Is there a more efficient way of returning read-only views of nested float arrays from WASM?

I've written a WASM interface to a Rust function using wasm-bindgen. The function returns a Vec<Vec<f64>>, and I only need a read-only view of it on the JS side:

use js_sys::Array;
use js_sys::Float64Array;
use wasm_bindgen::prelude::*;

pub fn f(data: &[f64], n: u8) -> Result<Vec<Vec<f64>>, MyErr> {
// data is processed here
}

fn inner_vec_to_js_array(data: &[f64]) -> Float64Array {
    unsafe { Float64Array::view(data) }
}


fn wrapper_vec_to_js_array(data: Vec<Vec<f64>>) -> Array {
    data.iter().map(|v| inner_vec_to_js_array(v)).collect()
}

#[wasm_bindgen]
pub fn ckmeans_wasm(data: &[f64], n: u8) -> Result<Array, JsError> {
    Ok(wrapper_vec_to_js_array(f(data, nclusters)?))
}

This seems to work OK, but do I have to return an Array of the Float64Array views? Is there a way I can return "just" a view of the wrapper?

I'm very much unaware of how wasm_bindgen works, but to me it looks like you create dangling references in inner_vec_to_js_array, because data gets dropped in wrapper_vec_to_js_array.

1 Like

Yes it's not totally clear from the unsafety warning Float64Array in js_sys - Rust whether I need to give it back when the JS side is finished with it.

I don't think the problem is whether JS deallocates it or not (which is what I assume you mean by giving it back or not). I think you give out dangling references to JS to begin with. I believe data is dropped in wrapper_vec_to_js_array, causing the Float64Array views you create to point to data that got dropped before you even hand over the array to JS.

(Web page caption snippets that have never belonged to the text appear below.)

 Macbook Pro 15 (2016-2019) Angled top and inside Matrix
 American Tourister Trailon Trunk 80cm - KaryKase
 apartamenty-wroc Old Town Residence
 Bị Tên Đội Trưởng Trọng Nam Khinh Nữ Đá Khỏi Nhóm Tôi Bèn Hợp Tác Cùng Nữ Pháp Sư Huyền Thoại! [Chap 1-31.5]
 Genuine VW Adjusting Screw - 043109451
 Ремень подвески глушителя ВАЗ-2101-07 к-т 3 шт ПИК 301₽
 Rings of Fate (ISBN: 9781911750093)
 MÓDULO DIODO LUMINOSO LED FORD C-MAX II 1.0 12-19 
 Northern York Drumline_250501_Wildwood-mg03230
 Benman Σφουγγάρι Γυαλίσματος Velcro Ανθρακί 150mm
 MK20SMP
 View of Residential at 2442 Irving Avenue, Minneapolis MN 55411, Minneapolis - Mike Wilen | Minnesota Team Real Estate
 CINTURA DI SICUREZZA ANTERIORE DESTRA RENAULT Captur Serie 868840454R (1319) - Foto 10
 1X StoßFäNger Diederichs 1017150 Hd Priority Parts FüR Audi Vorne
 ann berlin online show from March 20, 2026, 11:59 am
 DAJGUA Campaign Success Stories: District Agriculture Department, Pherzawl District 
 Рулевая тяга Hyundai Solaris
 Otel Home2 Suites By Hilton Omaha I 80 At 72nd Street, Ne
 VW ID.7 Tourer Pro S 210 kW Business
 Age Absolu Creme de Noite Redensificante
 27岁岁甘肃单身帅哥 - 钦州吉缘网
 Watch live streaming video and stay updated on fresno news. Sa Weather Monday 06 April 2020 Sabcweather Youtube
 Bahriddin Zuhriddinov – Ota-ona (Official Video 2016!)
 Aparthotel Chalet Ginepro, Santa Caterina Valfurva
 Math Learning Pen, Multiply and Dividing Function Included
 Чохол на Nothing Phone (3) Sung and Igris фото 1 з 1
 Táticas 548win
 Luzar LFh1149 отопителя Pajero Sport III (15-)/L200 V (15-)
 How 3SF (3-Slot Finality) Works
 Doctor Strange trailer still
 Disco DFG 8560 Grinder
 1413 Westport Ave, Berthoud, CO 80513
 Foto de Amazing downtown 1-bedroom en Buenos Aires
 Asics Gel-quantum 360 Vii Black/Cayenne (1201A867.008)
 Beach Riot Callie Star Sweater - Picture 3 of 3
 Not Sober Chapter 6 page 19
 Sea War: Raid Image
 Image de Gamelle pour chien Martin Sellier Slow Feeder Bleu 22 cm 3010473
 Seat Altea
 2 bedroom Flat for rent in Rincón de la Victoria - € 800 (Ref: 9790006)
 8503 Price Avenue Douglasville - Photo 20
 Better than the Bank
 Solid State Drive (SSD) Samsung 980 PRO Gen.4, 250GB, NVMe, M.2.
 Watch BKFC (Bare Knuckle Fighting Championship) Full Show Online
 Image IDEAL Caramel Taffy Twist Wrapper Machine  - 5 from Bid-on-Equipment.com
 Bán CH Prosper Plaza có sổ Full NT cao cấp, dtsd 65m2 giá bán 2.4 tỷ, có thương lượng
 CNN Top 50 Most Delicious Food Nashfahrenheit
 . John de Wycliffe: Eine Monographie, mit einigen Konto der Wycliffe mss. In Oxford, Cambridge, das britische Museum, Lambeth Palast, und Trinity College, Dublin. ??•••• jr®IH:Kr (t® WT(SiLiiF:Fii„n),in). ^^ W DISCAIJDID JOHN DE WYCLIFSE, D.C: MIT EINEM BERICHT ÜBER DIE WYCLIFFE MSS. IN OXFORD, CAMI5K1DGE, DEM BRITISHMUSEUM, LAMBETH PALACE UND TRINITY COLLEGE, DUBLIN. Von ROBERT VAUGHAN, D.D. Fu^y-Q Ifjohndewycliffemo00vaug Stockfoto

I think this is a violation to the last paragraph of the safety section of the docs of Float64Array you've linked:

Finally, the returned object is disconnected from the input slice’s lifetime, so there’s no guarantee that the data is read at the right time.

1 Like

It's pretty clear from the signature, though (and that's even better). If the function wanted to assume ownership, it would have taken an owned value (e.g., Vec<f64> or Box<[f64]>) to ensure correct ownership structure by means of the type system, or at the very minimum, a raw pointer (*mut f64 or *mut [f64]) in order to indicate ambiguity. Since the function takes a slice, it's unambiguously not trying to deallocate your array (since deallocating arbitrary slices is wrong, because a slice doesn't necessary come from a heap allocation).

The problem @jofas is trying to point out is this:

Here, you give ownership of data to this function, which means that it's dropped before the function returns. Consequently, any references pointing into it will be invalid immediately, by the time you even obtained the return value.

2 Likes

OK, that makes sense. But how can I prevent this? If I mem::forget the incoming data before I return the Array:

fn wrapper_vec_to_js_array(data: Vec<Vec<f64>>) -> Array {
    let arr = data.iter().map(|v| inner_vec_to_js_array(v)).collect();
    mem::forget(data);
    arr
}

I've leaked it. How can I fix that?

Use the safe From<&'a [f64]> implementation Float64Array::from(data) instead of Float64Array::view(data):

fn inner_vec_to_js_array(data: &[f64]) -> Float64Array {
-    unsafe { Float64Array::view(data) }
+    Float64Array::from(data) 
}
2 Likes

The immediate fix would be to accept a borrowed slice instead of an owned Vec. (That doesn't resolve some other safety concerns, though, eg. the prohibition of heap-allocating while JS has the array view). But it would not be unconditionally wrong, at least.